Três episódios demonstram a gravidade de sua participação na trama golpista:
- Incitação à violência contra o Comandante do Exército: Em 14 de dezembro de 2022, Braga Netto compartilhou com Ailton Barros, um ex-militar ligado a Bolsonaro, uma mensagem que recebeu de um membro das Forças Especiais criticando o General Freire Gomes, então Comandante do Exército, por sua postura legalista. A mensagem dizia: “Meu amigo, infelizmente, tenho que dizer que a culpa pelo que está acontecendo e acontecerá é do Gen Freire Gomes.
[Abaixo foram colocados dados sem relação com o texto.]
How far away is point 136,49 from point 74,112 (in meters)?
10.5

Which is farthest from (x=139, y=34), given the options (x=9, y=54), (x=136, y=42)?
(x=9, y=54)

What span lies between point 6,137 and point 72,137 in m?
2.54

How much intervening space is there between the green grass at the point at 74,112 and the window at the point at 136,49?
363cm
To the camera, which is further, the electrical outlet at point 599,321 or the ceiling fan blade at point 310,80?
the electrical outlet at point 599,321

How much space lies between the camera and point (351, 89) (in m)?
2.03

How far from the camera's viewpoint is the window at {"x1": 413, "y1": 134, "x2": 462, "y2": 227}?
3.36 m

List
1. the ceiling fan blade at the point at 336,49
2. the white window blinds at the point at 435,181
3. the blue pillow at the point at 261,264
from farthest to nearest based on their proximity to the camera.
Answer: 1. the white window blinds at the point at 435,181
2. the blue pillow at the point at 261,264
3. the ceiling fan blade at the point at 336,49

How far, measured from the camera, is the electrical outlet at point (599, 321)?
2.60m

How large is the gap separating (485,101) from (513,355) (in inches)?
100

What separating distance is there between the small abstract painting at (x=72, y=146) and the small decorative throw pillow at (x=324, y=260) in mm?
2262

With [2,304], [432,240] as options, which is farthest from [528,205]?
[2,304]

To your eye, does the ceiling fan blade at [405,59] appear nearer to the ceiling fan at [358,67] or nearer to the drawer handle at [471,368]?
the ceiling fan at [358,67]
Omissão e indecisão não cabem a um combatente”. Em resposta, Barros sugeriu “oferecer a cabeça” de Freire Gomes “aos leões”. Braga Netto concordou, respondendo: “Oferece a cabeça dele. Cagão”. O General Freire Gomes confirmou em depoimento que as ameaças de Braga Netto se deviam à sua recusa em anuir com o plano de ruptura institucional.
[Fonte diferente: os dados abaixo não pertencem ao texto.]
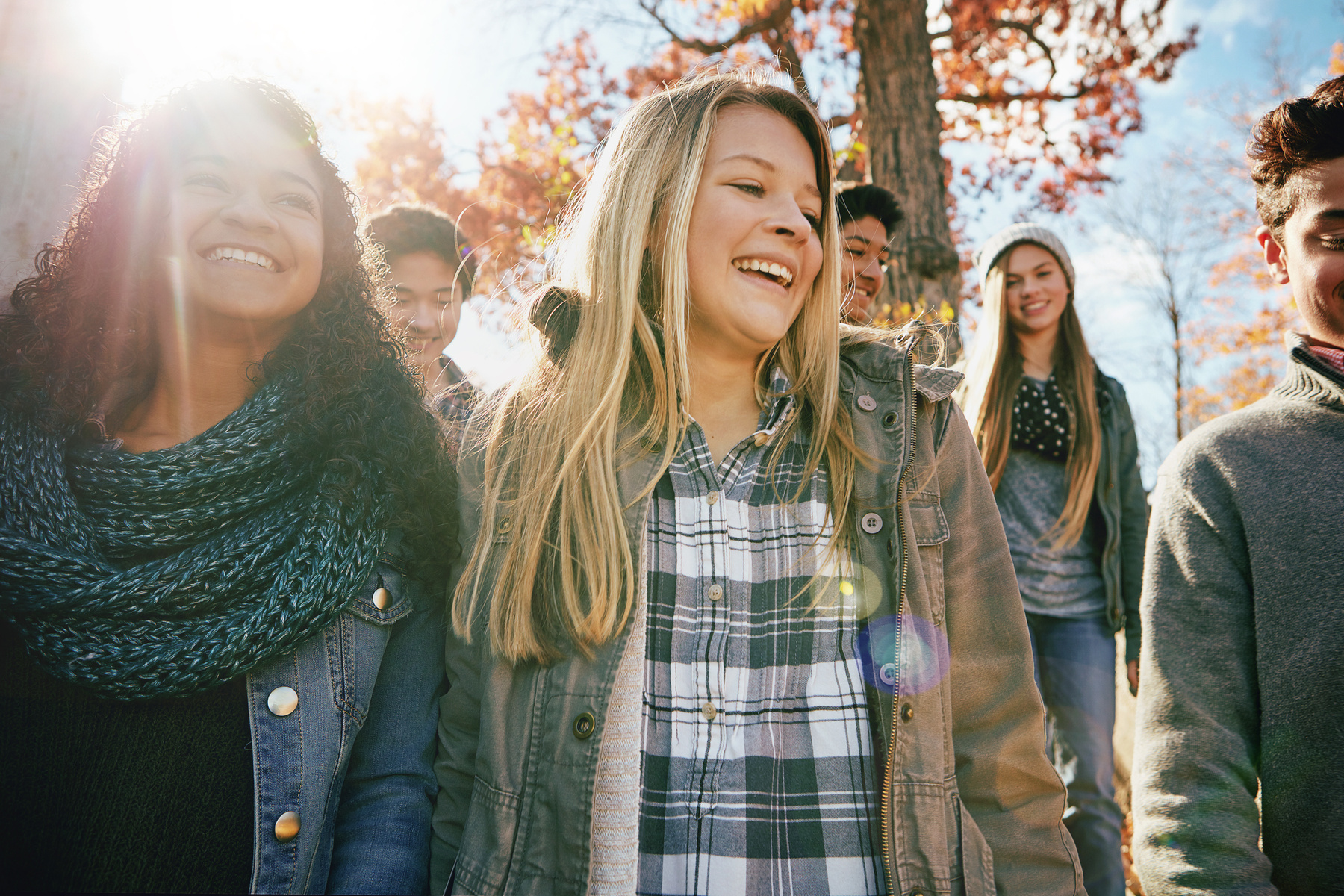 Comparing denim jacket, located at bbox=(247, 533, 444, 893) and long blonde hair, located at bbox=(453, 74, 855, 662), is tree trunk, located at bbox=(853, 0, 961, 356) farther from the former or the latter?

- Articulação para a execução do “Plano Punhal Verde Amarelo”: A Polícia Federal descobriu um documento intitulado “Punhal Verde Amarelo”, elaborado em novembro de 2022, que detalhava um plano para a tomada do poder. O plano incluía a criação de um gabinete de crise no COTER (Comando de Operações Terrestres) e a prisão ou execução do Ministro Alexandre de Moraes, considerado o principal obstáculo para o golpe. Embora o documento não menciona Braga Netto diretamente, mensagens e depoimentos indicam que ele participou de reuniões em que o plano foi discutido. A investigação aponta que Braga Netto era um dos líderes do “Núcleo de Oficiais de Alta Patente” , responsável por influenciar e incitar outros grupos a apoiar o golpe.
- Disseminação de desinformação e ataques contra opositores: Braga Netto atuou ativamente na disseminação de desinformação e ataques contra figuras que se opunham ao golpe, utilizando a estrutura da milícia digital bolsonarista. Ele orientou Ailton Barros a “sentar o pau” no Tenente-Brigadeiro Baptista Júnior, então Comandante da Aeronáutica, e em sua família, por este ter se posicionado contra a ruptura institucional. Braga Netto também determinou que Barros espalhasse notícias falsas para prejudicar a reputação do General Tomás Miguel Miné Ribeiro Paiva. Essas ações, coordenadas por Braga Netto, visavam silenciar opositores e criar um clima de instabilidade para justificar a intervenção militar.
Neste sábado, além da prisão de Braga Netto, a PF fez busca e apreensão em endereços do coronel Flávio Peregrino, assessor de Braga Netto desde o governo Bolsonaro até o Partido Liberal. Foi na mesa de Peregrino, na sede do PL, durante a Operação Tempus Veritatis, em 8 de fevereiro passado, que a PF apreendeu um documento manuscrito que detalhava a Operação 142, cujo título alude ao artigo da Constituição, que previa anular eleições, prorrogar mandatos em curso, substituir membros do TSE e convocar nova eleição. Fora escrito entre novembro e dezembro de 2022. Terminava com uma previsão peremptória: “Lula não sobe a rampa.”
Em 7 de dezembro de 2024, a defesa do general da reserva emitiu uma nota negando sua participação no plano de golpe. “A Defesa técnica do General Walter Souza Braga Netto reitera que o cliente não tomou conhecimento de documento que tratou de suposto golpe e muito menos do planejamento para assassinar alguém. Dessa forma, o General não coordenou e não aprovou plano qualquer e nem forneceu recursos para si.”
Ao contrário do que diz sua defesa, as digitais do general, assim como as de Bolsonaro, estão no plano golpista investigado pela PF. A trama foi esmiuçada pela piauí na reportagem O Golpista, publicada na edição deste mês da revista.